Ingredienti per 4 porzioni:
– farina di farro spelta Homemade 350g
– un barattolo di fagioli cannellini Homemade da 285 g
– olio EVO
– passata di pomodoro Homemade
– aglio
– salvia e rosmarino

Le sagne sono un tipo di pasta della tradizione del basso Lazio e dell’Abruzzo. È una preparazione estremamente povera in quanto prevede solo farina, acqua e sale, ed era considerata una pasta di tutti i giorni, al contrario di quella all’uovo che era preparata solo nei giorni di festa.

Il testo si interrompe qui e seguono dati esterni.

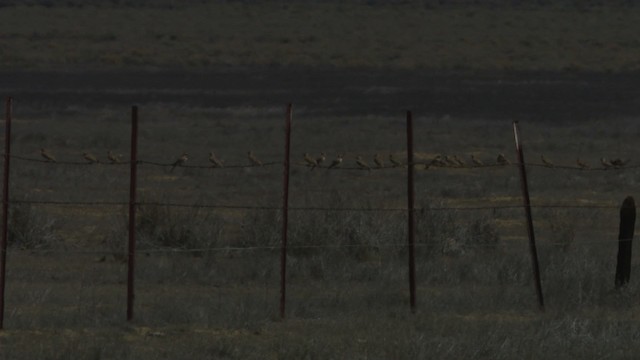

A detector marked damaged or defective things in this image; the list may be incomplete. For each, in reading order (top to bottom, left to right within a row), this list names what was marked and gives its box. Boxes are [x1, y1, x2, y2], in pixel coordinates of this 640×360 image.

rusty metal fence post [512, 121, 544, 312]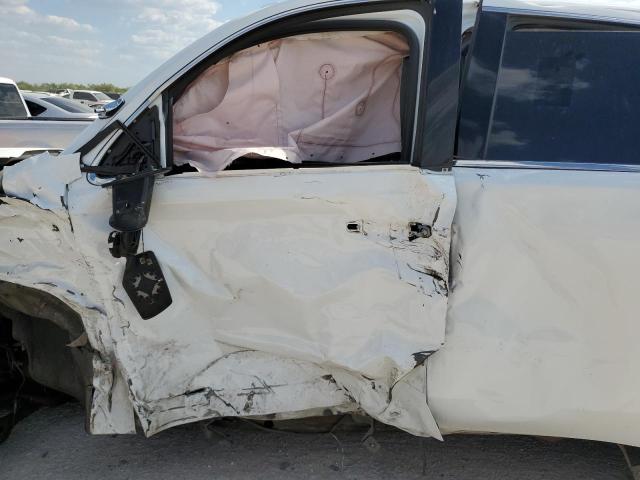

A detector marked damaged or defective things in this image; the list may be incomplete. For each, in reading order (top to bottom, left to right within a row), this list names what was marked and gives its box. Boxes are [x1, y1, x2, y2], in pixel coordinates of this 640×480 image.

crushed driver door [77, 0, 462, 436]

Iniziamo con l’impastare la farina semintegrale di farro spelta con circa 280 g di acqua. Lasciare riposare qualche minuto. Stendere poi la pasta e tagliarla a strisce larghe un paio di cm e lunghe circa 5 cm, come per i maltagliati. In una pentola mettere l’olio EVO con uno spicchio d’aglio ed un rametto di rosmarino e salvia (legati insieme per poi toglierli), far soffriggere ed aggiungere poi metà dei fagioli cannellini. A questo punto aggiungiamo due cucchiai di passata di pomodoro e facciamo bollire per 4-5 minuti. La restante parte dei fagioli va frullata (o passata al passaverdure) ed aggiunta al soffritto subito prima di toglierlo dal fuoco. 
Cuocere le sagne in abbondante acqua bollente salata finchè tornano a galla e poi scolarle al dente facendo attenzione a tenere da parte un po’ d’acqua di cottura. Unire fagioli e sugo alle sagne, aggiungendo un po’ d’acqua di cottura a piacimento se si gradiscono più brodose.

Note

– per i non vegetariani, nel soffritto si può aggiungere anche un pò di guanciale per rendere il piatto più goloso (poi andate a correre però)
– il nostro farro spelta è coltivato ad Alvito, nella Valle di Comino. Tutta la valle fa parte del Parco Nazionale d’Abruzzo, Lazio e Molise ed è una delle ultime zone ancora intatte della nostra provincia. Il farro spelta viene decorticato a Gallinaro, sempre in Valcomino, e quindi viene macinato a pietra presso il mulino di Silvana alla Selva di Sora
– i fagioli cannellini della Valcomino (quelli di Atina sono anche una dop riconosciuta) hanno la caratteristica di avere una buccia molto sottile che permette una cottura senza ammollo precedente; in questo modo i fagioli non perdono affatto il loro prezioso contenuto. Hanno inoltre un sapore unico ed inconfondibile
– è un piatto che si presta molto bene anche ad una versione piccante, aggiungendo un po’ di peperoncino in polvere o in scaglie nel soffritto.
Oppure potete provare ad aggiungere qualche goccia di ROJO a crudo!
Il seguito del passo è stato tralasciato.